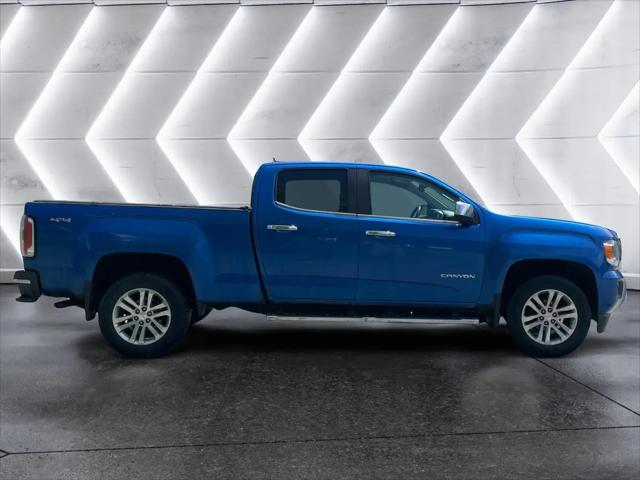 2018 GMC Canyon SLT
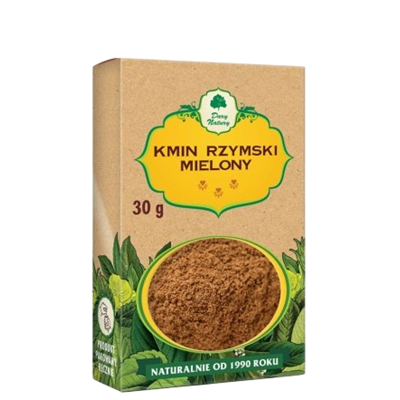 Kmin Rzymski mielony 30g DARY NATURY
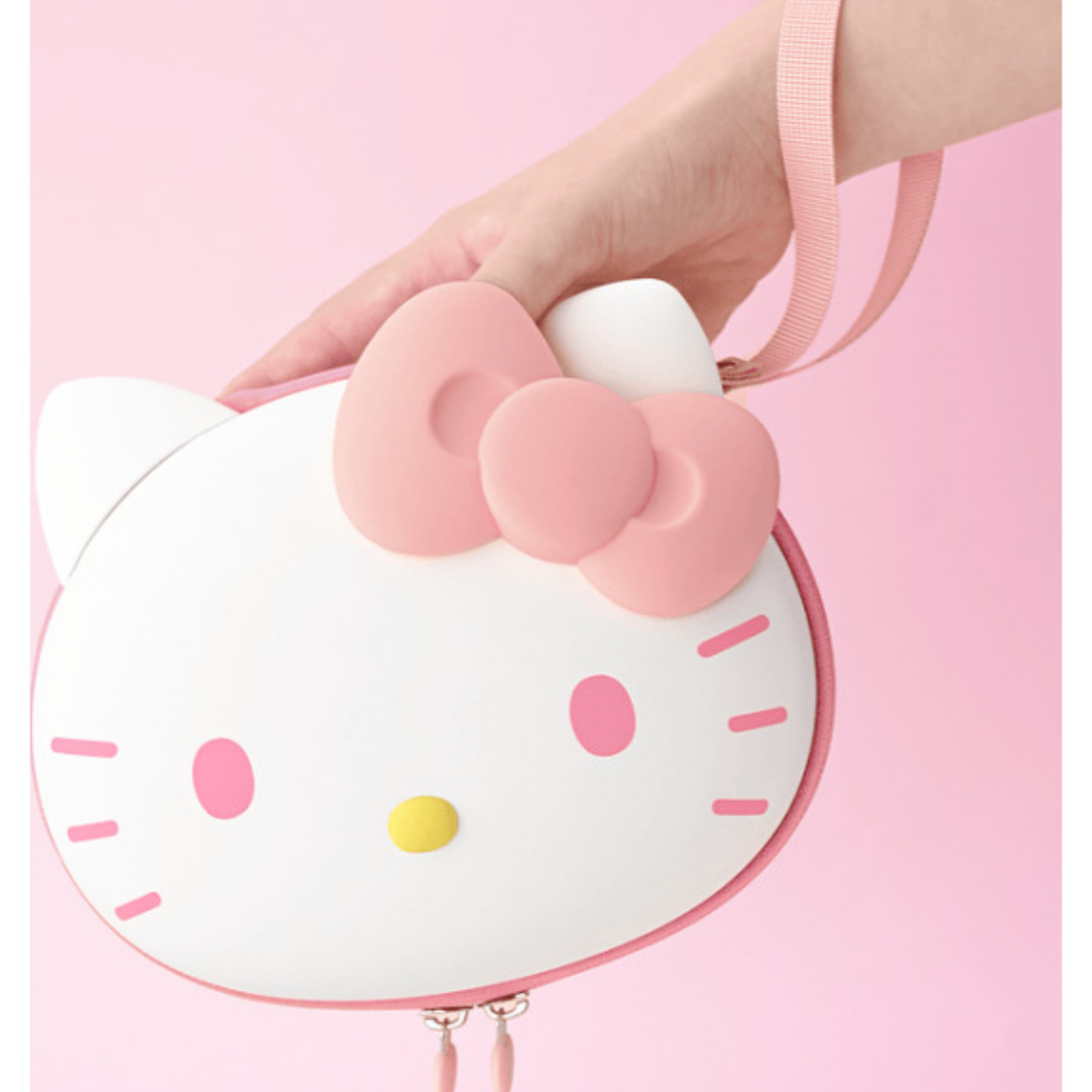 Hello Kitty Sakura Series Controller Storage Carry Case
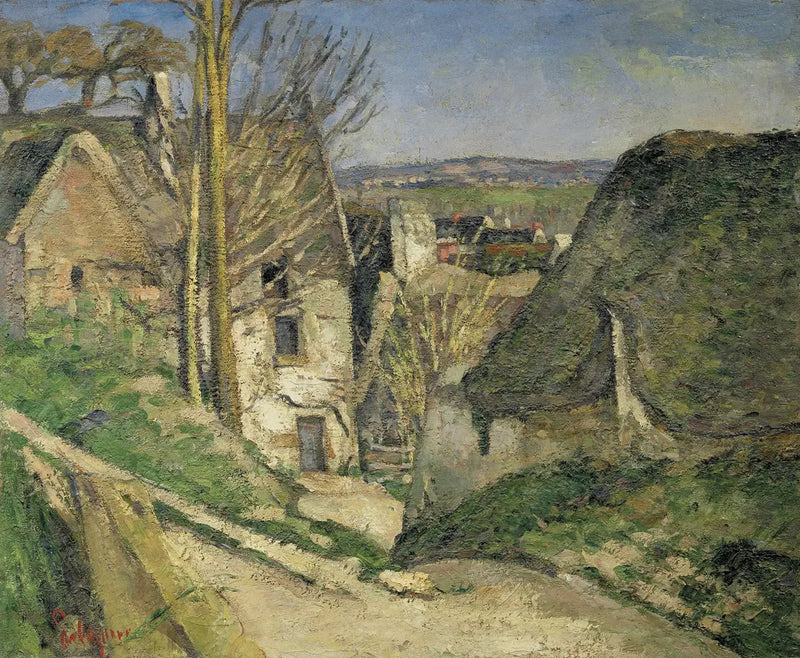 The Hanged Man's House - Paul Cézanne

### WHAT IS BEING ASKED
Print the material above once more, exactly. No pictures belong in it.

### FINISHED TASK
 2018 GMC Canyon SLT
 Kmin Rzymski mielony 30g DARY NATURY
 Hello Kitty Sakura Series Controller Storage Carry Case
 The Hanged Man's House - Paul Cézanne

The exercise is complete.